Large companies are trimmed to execute established business models. The demise of e.g. Eastman Kodak, Nokia, or Blockbuster illustrate that this is insufficient in the 21st century. Companies that want to escape this fate need to excel at execution AND the creation of new growth engines at the same time.
There is nothing wrong with being good at execution. It allows companies to get the most out of a known and successful business model. The challenge is to improve one's existing business models while creating an organizational space to invent business models for the future at the same time. The reason this is so difficult is because both require very different cultures, skills, processes, and incentives. Watch the video below to understand how they differ.
I often hear people say companies need to create an agile innovation culture. That's nonsense and even dangerous. It's great to have an outstanding execution engine as long as you are able to build an innovation engine as well.

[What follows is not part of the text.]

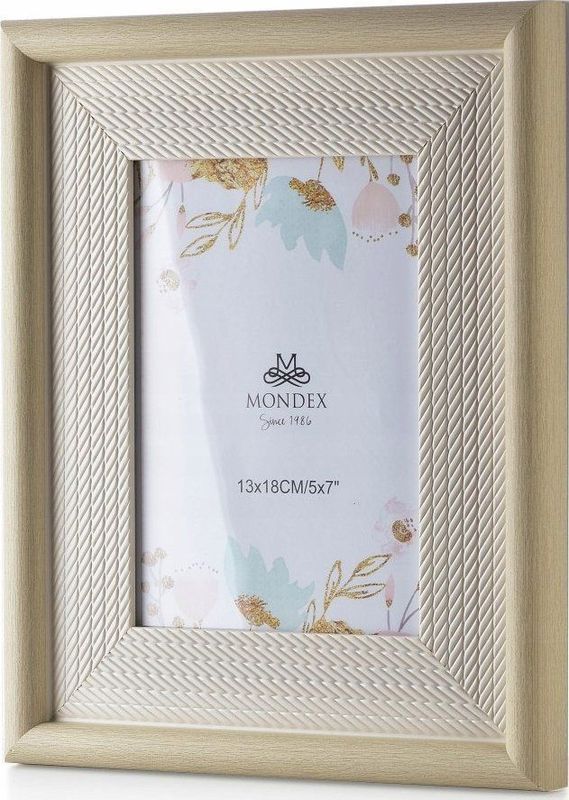 Affek Design rand rand 10x15cm 26x21xh2,5cm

That's where you will experiment with new growth engines by relentlessly testing business models and value propositions.
There are a couple of great thinkers on this topic. In The Other Side of Innovation Govindarajan and Trimble show that the execution and innovation engines need to work in partnership. In The End of Competitive Advantage Rita McGrath shows that the urge to hold on to one’s established competitive advantage is a vicious trap. She establishes the factors central to building the dynamic enterprise of tomorrow.
Another favorite of mine is John Kotter. In the video below he shows that the organizational structure predominant today is over 100 years old. It was not built to be fast and agile, but to meet the daily demands of running an enterprise. Kotter advocates a new system that he calls the "dual operating system" in which execution and innovation operate in concert.